Home Builders Federation set to quiz members on post-Brexit reform of regulations
A cross-party drive to identify EU regulations that can be quickly amended as part of the Brexit process will make housing construction its initial focus, it has emerged.
Former Cabinet Office minister Oliver Letwin last week launched the Red Tape Initiative, which aims to find “quick wins” that can be implemented to help UK business improve productivity as part of the Brexit process.
In a subsequent interview with Whitehall magazine Civil Service World, former minister Letwin said he envisaged the programme would conduct around 10 sector-specific inquiries over the next two years, with the first looking at lifting burdens on the housebuilding sector.
That inquiry is set to begin in June, and will feature input from the Home Builders Federation, as well as other industry groups, Letwin said. The second inquiry will look into burdens on infrastructure construction and is due to start later in the summer.

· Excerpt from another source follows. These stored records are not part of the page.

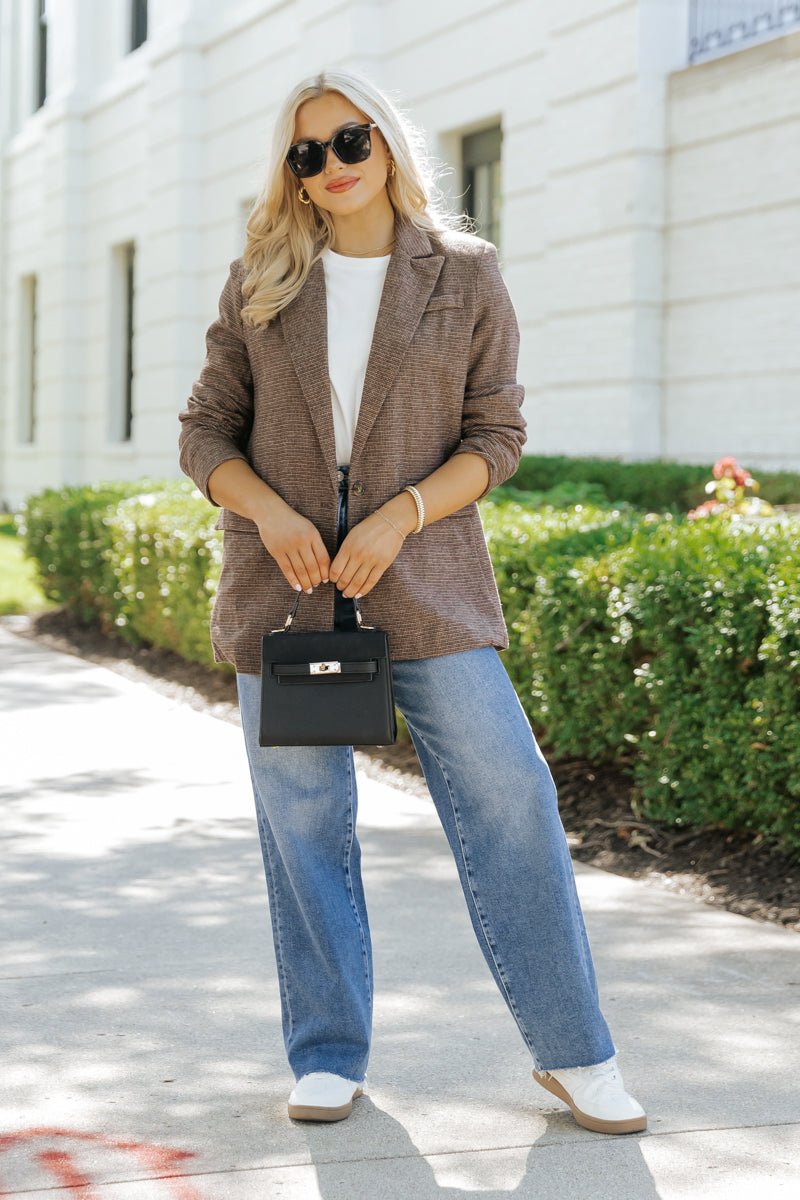 Office Ready Mocha Plaid Blazer - Magnolia Boutique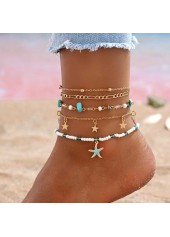 Mint Green Star Alloy Beaded Anklets | thumb picture 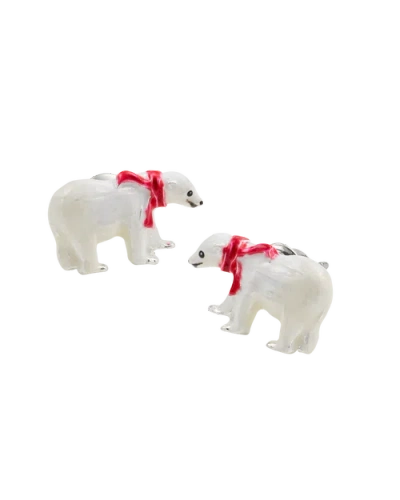 Fable England Cosy Polar Bear Silver Stud Earrings In Silver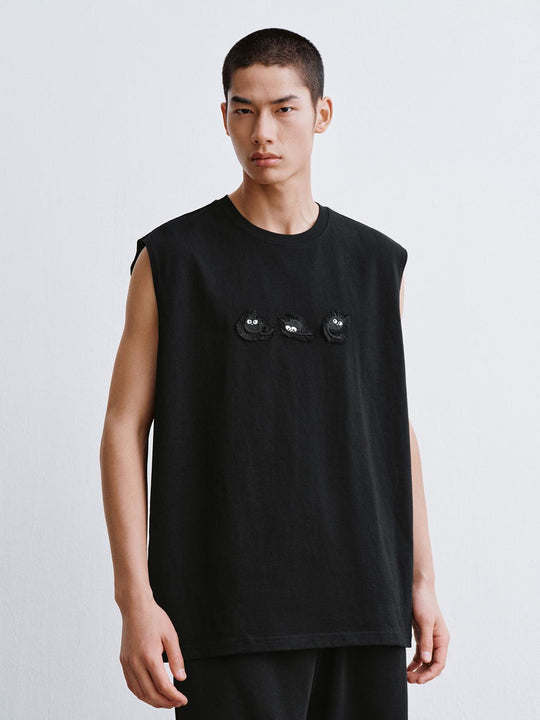 Round Neck Embroidery Cotton Loose Fit Sleeveless Tank Top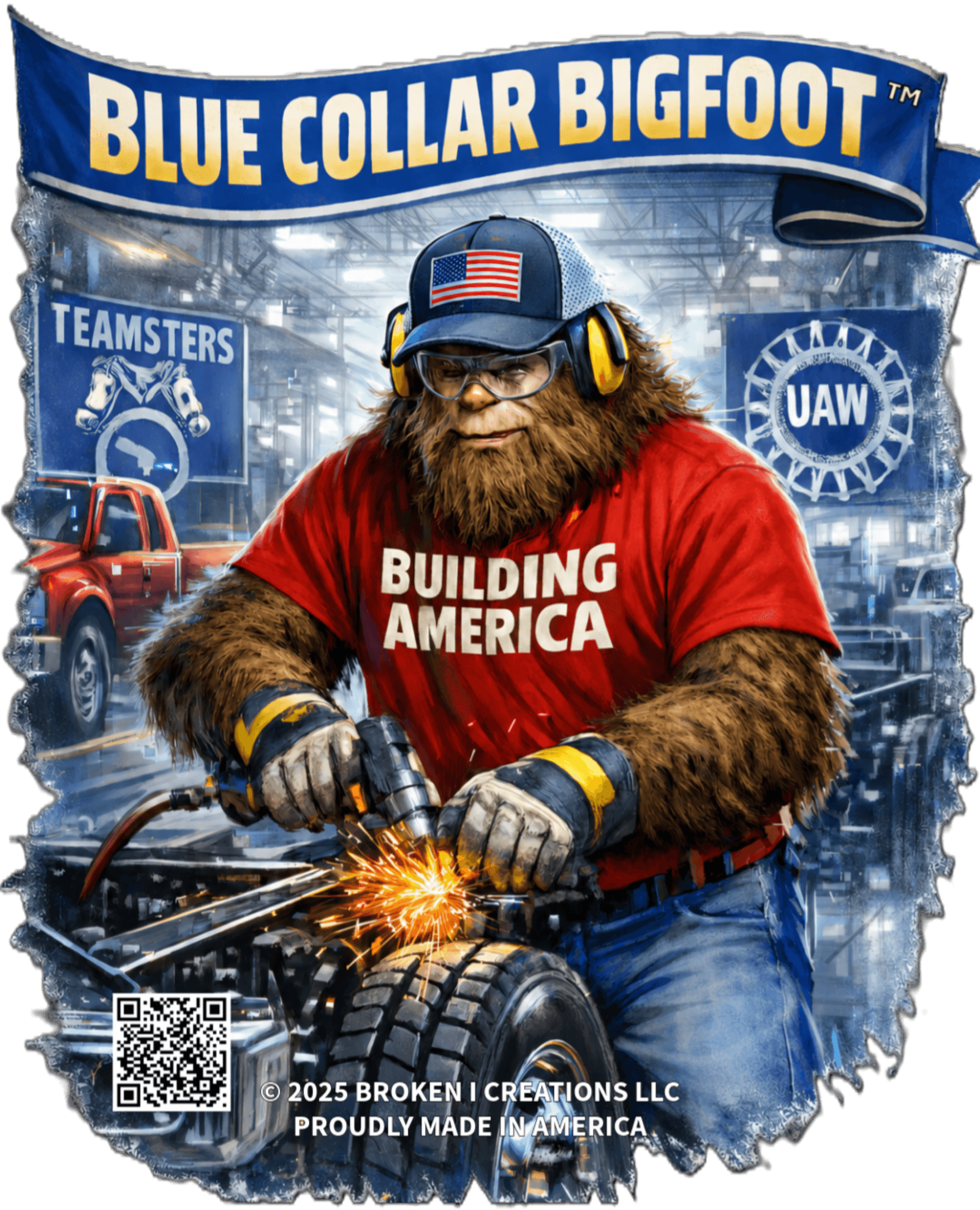Blue Collar Bigfoot Building America worker shirt design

The HBF told Building that it was too early to be specific about EU regulations that it wanted to see removed in the interest of helping the industry, but said members would be consulted.
Director of external affairs John Slaughter said: “‘We will be looking at a range of EU financial, technical and environmental requirements to see how unnecessary rules for achieving public policy objectives can be cut back for the future.”
Letwin told CSW that the Red Tape Initiative was designed to sit between the proposed Great Repeal Bill, which will repatriate EU law when the UK formally leaves the European Union, and future trade deals that will be negotiated to underpin a new relationship with the remaining 27 member states.
He said the initiative would provide recommendations to government, and it would then be up to ministers to decide how to proceed, but that the expectation would be that any regulation changes would relate to domestic industry and not impact on Brexit negotiations.
Changes to the EU Wild Birds Directive and the Habitats Directive are likely to be areas of interest to housebuilders, but it is unclear whether they would meet the initiative’s criteria for consideration.